Click to expand common errors and fixes

Document Missing, Truncated or Invalid

Cause:
PDF input is empty, truncated, or not a valid PDF file.

Fix:

  • Provide the complete PDF binary/base64 payload.
  • Verify the file opens successfully in a PDF reader to confirm it is not corrupted.

No Form Fields or Metadata Were Returned

Cause:
The PDF contains no interactive form fields (fields may have been flattened into static content) and/or contains no embedded XMP or document metadata.

Fix:

  • Confirm the source PDF contains interactive form fields and that fields are not flattened.
  • Confirm metadata is embedded as XMP or document-level properties.
  • If the PDF has been exported from another system, re-export with forms and metadata intact.

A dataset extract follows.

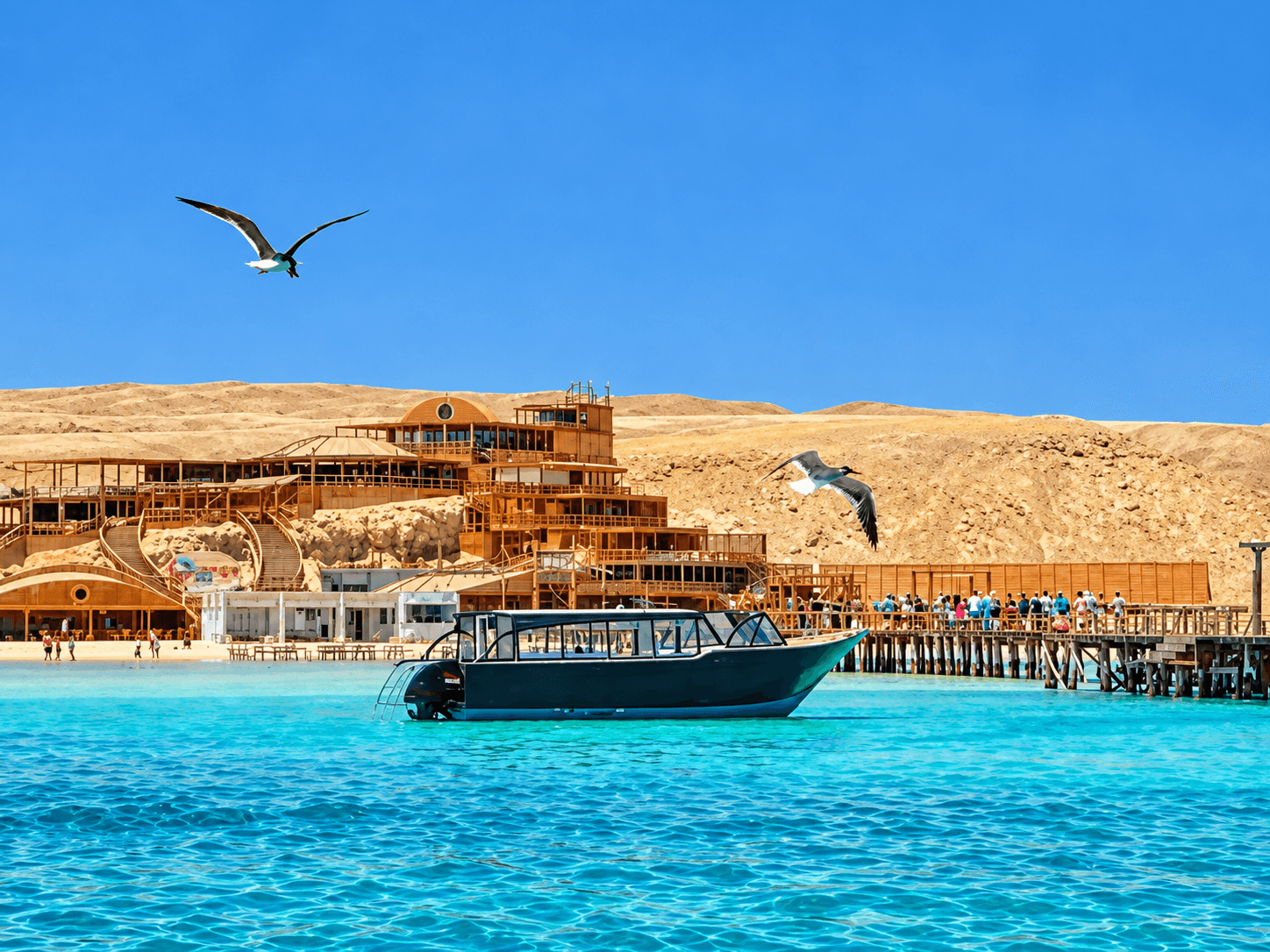 Boat in front of Orange Bay in Hurghada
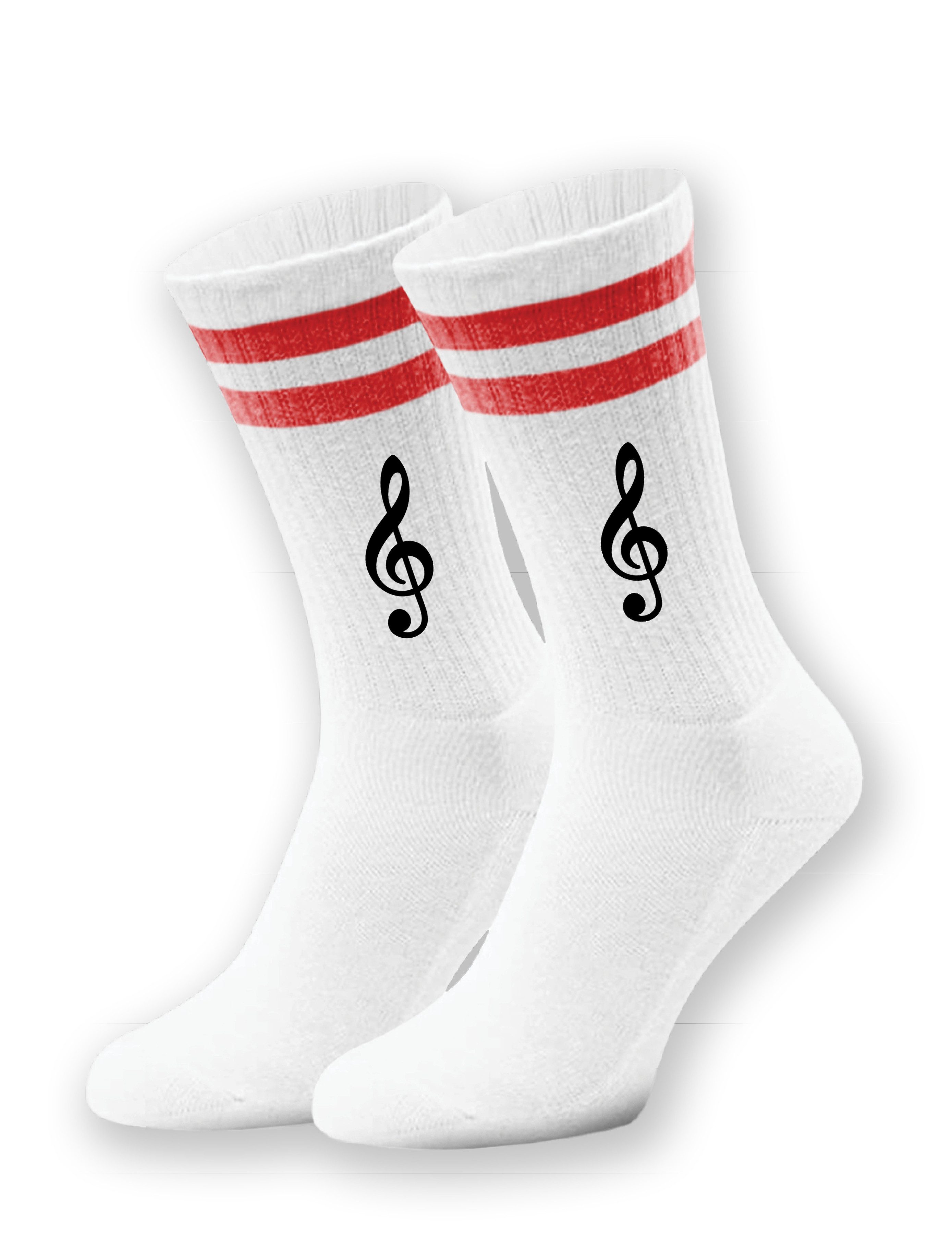 Youth Designz Tennissocken Unisex Socken "Notenschlüssel" Aufdruck lustig Geschenk Statement mit verstärkter Verse und Zehenbereich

Form Fields Present but Values Are Empty or Default

Cause:
Fields exist but have not been filled, or the PDF stores default values instead of submitted values.

Fix:

  • Verify the PDF was saved after field entry (some viewers keep values in memory until the file is saved).
  • Check whether values are stored as defaults versus current values and save the PDF with current values prior to extraction.

Field Names Duplicated or Ambiguous Keys

Cause:
Multiple fields share the same name or use characters that cause collisions in the returned JSON structure.

Fix:

  • Ensure field names are unique within the form.
  • If duplicates are required, rename fields or add an index or namespace to make keys unique before extraction.

XMP / Metadata Keys Missing, Malformed or Encoded Incorrectly

Cause:
Metadata is absent, stored in a non-standard location, or uses non-standard character encodings.

Fix:

  • Inspect the PDF’s metadata with a PDF tool to confirm presence and encoding.
  • Re-embed metadata using standard XMP or document metadata practices and UTF-8 where possible.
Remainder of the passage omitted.